Tea Partiers rallied outside the Capitol yesterday to urge the GOP to stand strong on massive cuts to the budget, even if it means a government shut-down. It turned out to be a small rally, though. They had a nifty slogan -- "cut it or shut it." Federal employees are worried about a shut-down. Still, conservatives in the House feel that $33 billion in cuts -- the largest cut in history -- is not enough. They would prefer a shut-down to compromise. Speaker Boehner is trying to get them to understand the need for compromise. But he also denies that any deal has been made. Meanwhile, the Senate waits, figuring that there's no point in debating a deal that can't pass the House -- although Mitch McConnell says Chuck Schumer is the extreme one, not the Tea Party. And 139 groups signed a letter demanding that the policy riders -- defunding health care, Planned Parenthood and more -- be left out of the budget deal. And Newt Gingrich, who supports the budget cuts generally, pleads with his GOP allies to protect funding for the National Institutes of Health.
And here we go -- the first specifics from the GOP 2012 budget. They plan to start with cutting $1 trillion from Medicaid, the health care program for the poor. Instead of providing health care, they would give each recipient $11,000 per year to go buy private health insurance. Of course, since they would also repeal health reform, and since most of these folks have pre-existing conditions, they won't be able to find health insurance at that price -- perhaps at any price -- and how will they pay deductibles and copays? This would essentially gut health care for the poor -- a disaster, and a cold-hearted one at that.
Yesterday, the feds released regulations for accountable care organizations. I confess, I haven't had a chance to read all 429 pages yet, but I will. The idea is that hospitals, nursing homes, and other providers will form alliances that will promote care coordination and bring down the cost of health care. However, insurers don't like ACOs because they will have greater bargaining power, so they could actually increase costs. For now, these arrangements are aimed at Medicare spending. For more on these new rules, go here. Fact sheets are here. And video is here.
One of health reform's most popular programs -- early retiree reinsurance -- will stop taking applications after April 30 because it will have hit its budget limit.

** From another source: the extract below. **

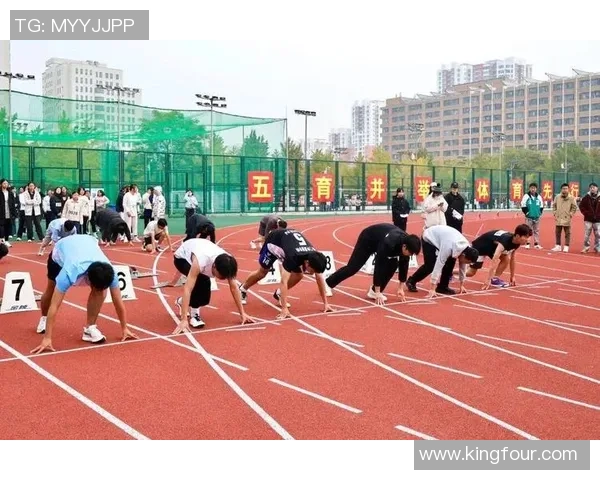 激情燃动赛场青春逐梦奋勇拼搏共谱体育荣耀华章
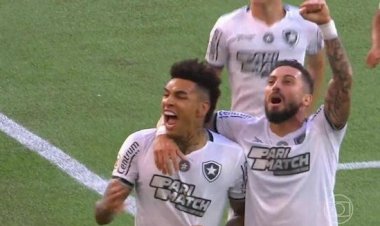 Confira a 29ª rodada do Campeonato Brasileiro Série A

The Senate will vote on repealing the 1099 bookkeeping problem on Tuesday. Supposedly, they finally have the votes to pass it.
The House passed a Bill that would give control over health reform to Congress rather than the Obama Administration. Another trick that will never pass the Senate or be signed by the President.

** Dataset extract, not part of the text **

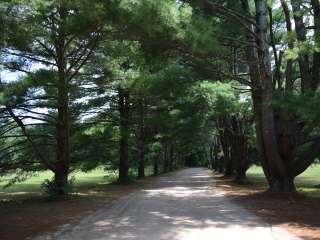 The Quarry Campground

Unfortunately, as a result of the health reform requirement that insurers cover kids with pre-existing conditions, child-only policies have disappeared in some states, creating a critical vacuum.

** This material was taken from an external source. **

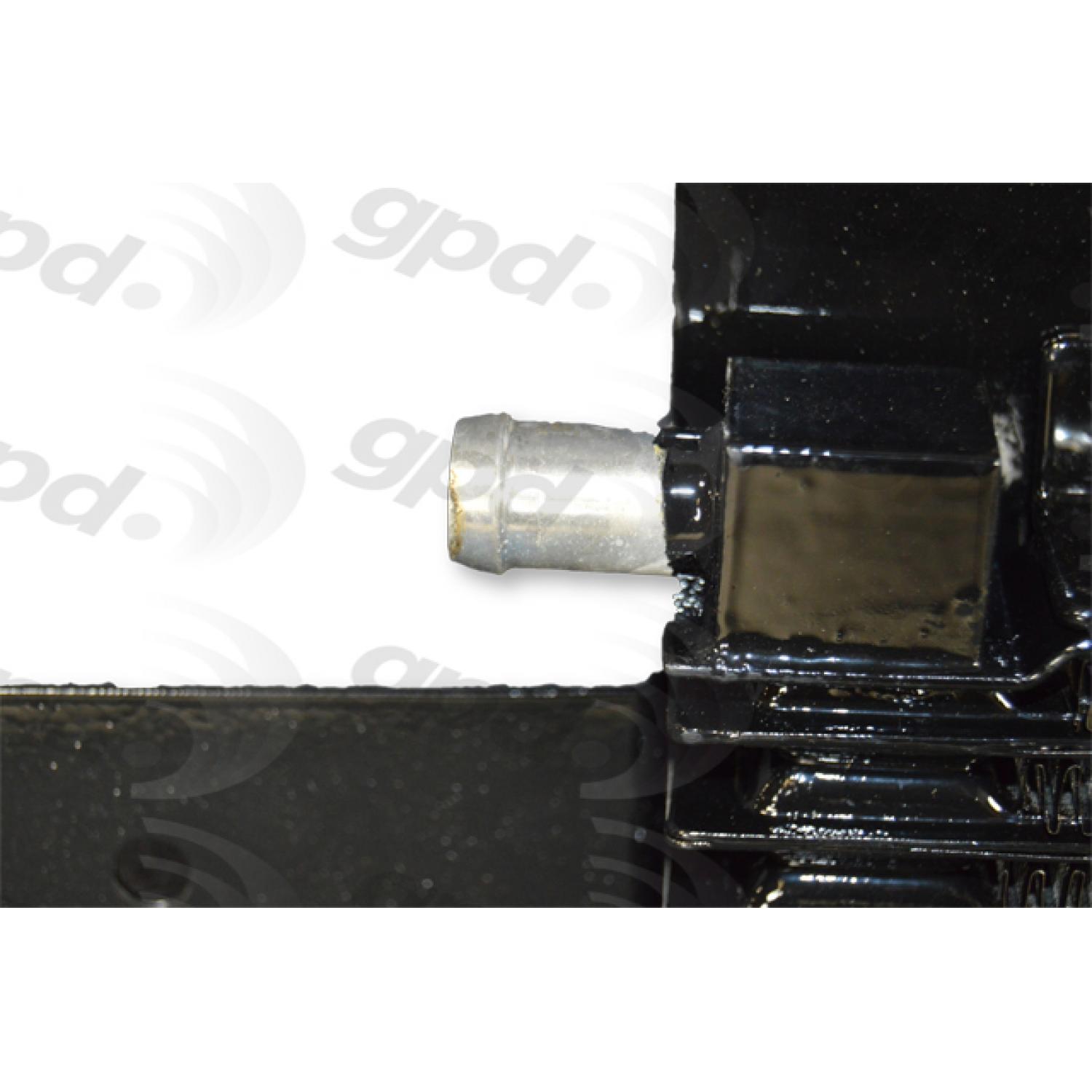 Global Parts Distributors 2611252 - Auto Trans Oil Cooler Global Parts Distributors 2611252 Auto Trans Oil Cooler product image 2 of 3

The growth of electronic medical records is intended to facilitate care coordination, but should patients have to give permission for providers to share their records? Some worry that patients won't know to opt-into this system; others worry about patient privacy. How to balance the two concerns is the issue.
Arizona proposes requiring beneficiaries to pay a $50 fee if they are overweight or smoke or engage in unhealthy behavior.
Medicare pays 100% for dialysis no matter what your age or circumstances, but some feel this is wrong because most beneficiaries are elderly and some should be considering hospice instead. Hmmm.
Lung cancer deaths in women have fallen, finally.